== Records provided ==
━━━━━━━━━━━━━━━━━━━━
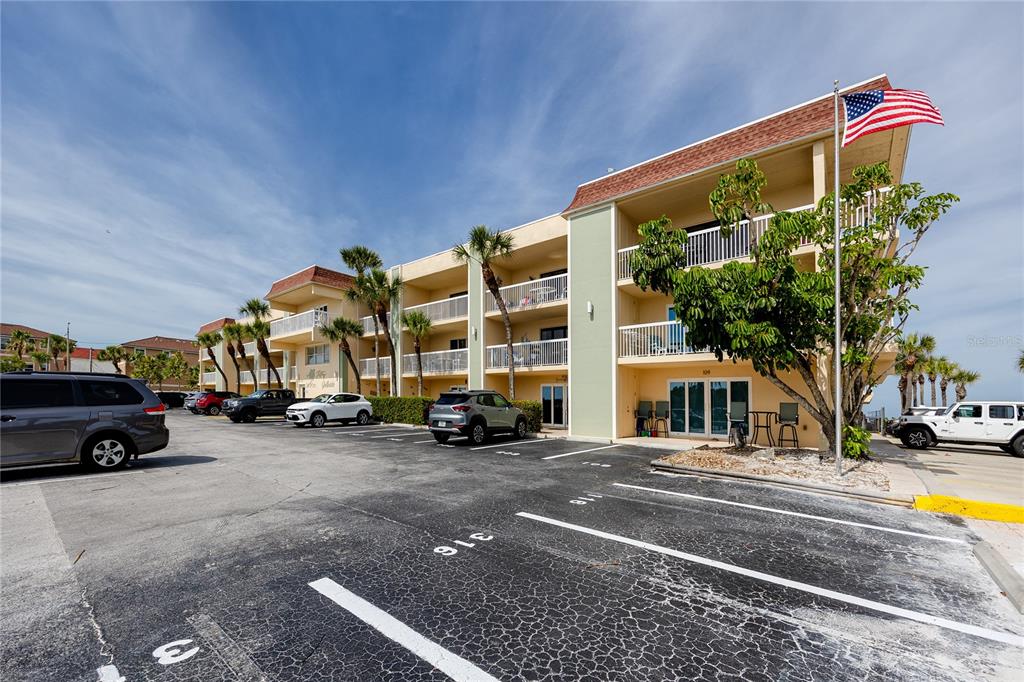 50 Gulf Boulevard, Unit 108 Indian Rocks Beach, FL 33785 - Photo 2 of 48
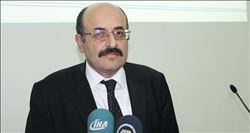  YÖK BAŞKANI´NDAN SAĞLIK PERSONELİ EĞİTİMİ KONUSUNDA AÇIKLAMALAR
━━━━━━━━━━━━━━━━━━━━
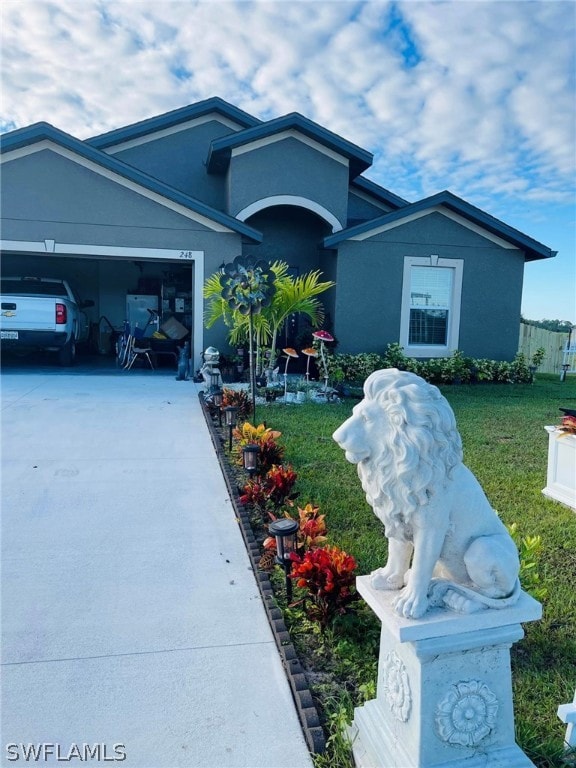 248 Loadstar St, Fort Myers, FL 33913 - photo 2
━━━━━━━━━━━━━━━━━━━━
== Description of the task ==
Of all the material above, only the lines from the one that has "50 Gulf Boulevard, Unit" down to the one that has "YÖK BAŞKANI´NDAN SAĞLIK" are to be written out, exactly and with both ends included. Pictures are skipped.

== Output ==
 50 Gulf Boulevard, Unit 108 Indian Rocks Beach, FL 33785 - Photo 2 of 48
  YÖK BAŞKANI´NDAN SAĞLIK PERSONELİ EĞİTİMİ KONUSUNDA AÇIKLAMALAR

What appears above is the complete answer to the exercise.